Unternehmenspleiten steigen weiter an
Holdinggesellschaften verzerren mit hohen Passiva das Bild. Doch Experten sind besorgt über immer mehr betroffene Mitarbeiter.
Die Zahl der Firmenpleiten in Österreich steigt weiter. Im ersten Quartal 2016 wurde in 850 Fällen die Insolvenz eingeleitet, ein Plus von 12 Prozent gegenüber dem Vergleichszeitraum des Vorjahres. Die Gesamtinsolvenzen stiegen in den ersten drei Monaten um sieben Prozent auf 1356 (nach 1269) Fälle. Viel stärker fiel der Anstieg der geschätzten Insolvenzverbindlichkeiten aus: Mit 1,2 Mrd. Euro vervierfachten sie sich gegenüber 319 Mill. Euro des Vergleichsquartals beinahe (+280 Prozent).
Doch dieser Anstieg der Passiva sei weniger spektakulär, als er aussehe, stellt der Kreditschutzverband (KSV) von 1870 fest. Er sei nämlich der Pleite zweier reiner Holdinggesellschaften geschuldet, die das Gesamtbild verzerrten. Auf die Firmen Activ Solar und Slav Handel entfallen knapp 781 Mill. Euro, fast zwei Drittel der Gesamtverbindlichkeiten. Beide seien vor allem bei ukrainischen Banken verschuldet, dabei gehe es auch um eingefrorenes Vermögen. Für den KSV handelt es sich daher um „keine typischen österreichischen Plei- ten“. Dahinter folgt mit Verbindlichkeiten von 36,6 Mill. Euro die Steirerfrucht-Firmengruppe.
Mehr Sorgen macht dem KSV-Insolvenzexperten Hans-Georg Kantner die Zunahme der von Firmeninsolvenzen betroffenen Mitarbeiter. Bis Ende März waren 6200 Dienstnehmer von Insolvenzen betroffen, das waren um 38 Prozent mehr als vor einem Jahr.
Im Bundesländer-Vergleich ergibt sich ein uneinheitliches Bild.
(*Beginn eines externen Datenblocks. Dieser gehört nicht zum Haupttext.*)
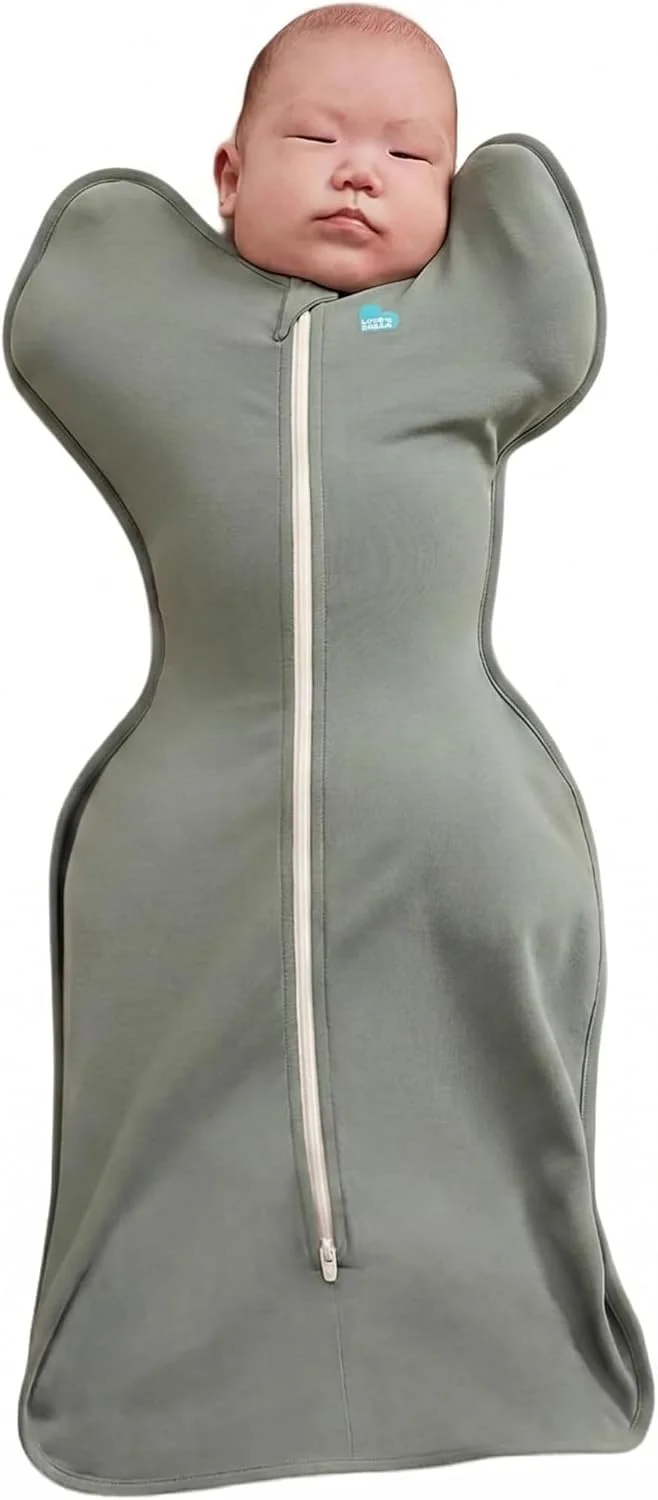 Love to Dream Swaddle Up Viscose from Bamboo, Arms Up Position, Soft and Sustainable Bamboo Fabric, Versatile Wearable Blanket, 1.0 TOG (20-24°C) Ideal for Moderate Temps, Small 8-13lbs, Deep Olive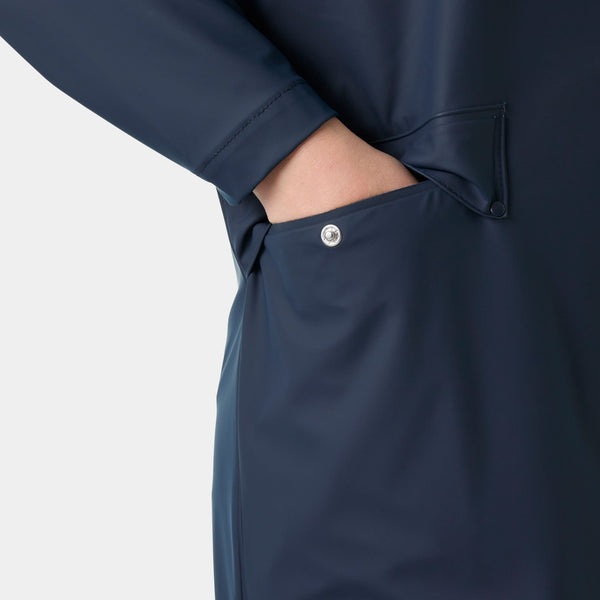 W MOSS RAIN COAT, NAVY, M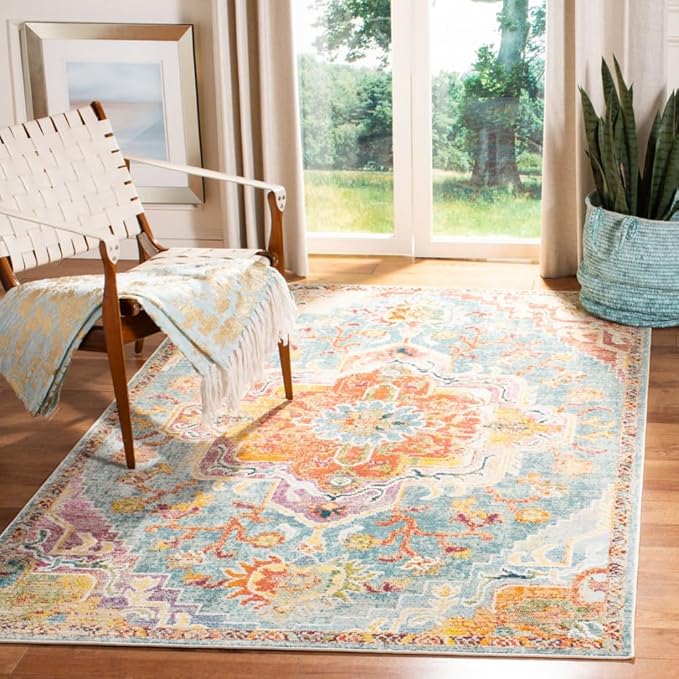 SAFAVIEH Crystal Collection Accent Rug - 4' x 6', Orange & Teal, Medallion Distressed Design, Non-Shedding & Easy Care, Ideal for High Traffic Areas in Entryway, Living Room, Bedroom (CRS501K)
Kräftige Zuwächse der Insolvenzfälle in Salzburg (+65 Prozent) und Tirol (+37 Prozent) begründet der KSV größtenteils mit „Auf- und Nachholeffekten“. In Salzburg ging es vor allem um kleine und kleinste Firmen, daher sanken die Passiva in Summe von 30 auf 13 Mill. Euro. Deutlich weniger Firmenpleiten gab es bis März in Kärnten, dem Burgenland und Niederösterreich.
Erfreulich findet Kantner, dass die Zahl der nicht eröffneten Insolvenzverfahren mit 506 nach 510 Fällen weiter tief bleibt. Die Insolvenzeröffnung bedeute meist das Ende jahrelangen Siechtums und biete Chance auf eine Sanierung.
Einen Rückgang der Firmenpleiten sieht Kantner mittelfristig nicht. „Doch ist auch ein eklatanter Anstieg unwahrscheinlich“, fügt er hinzu. Dank der niedrigen Zinsen könnten sich viele überschuldete Unternehmen gerade noch auf dem Markt halten. „Spätestens wenn die Zinsen steigen, werden diese Firmen das Handtuch werfen müssen.“Gerhard Weinhofer vom Verband Creditreform sieht vorerst keine generelle Verschlechterung der Wirtschaftslage. Zwei Drittel der Firmenpleiten gingen unverändert auf Managementfehler zurück.
Die Anzahl der Privatkonkurse war im ersten Quartal leicht rückläufig. 2118 eröffnete Schuldenregulierungsverfahren bedeuten ein Minus von 2,8 Prozent, die Insolvenzverbindlichkeiten sanken um 4,2 Prozent auf 229 Mill. Euro. Freilich sei das erste Quartal wegen zahlreicher Feiertage nicht besonders aussagekräftig.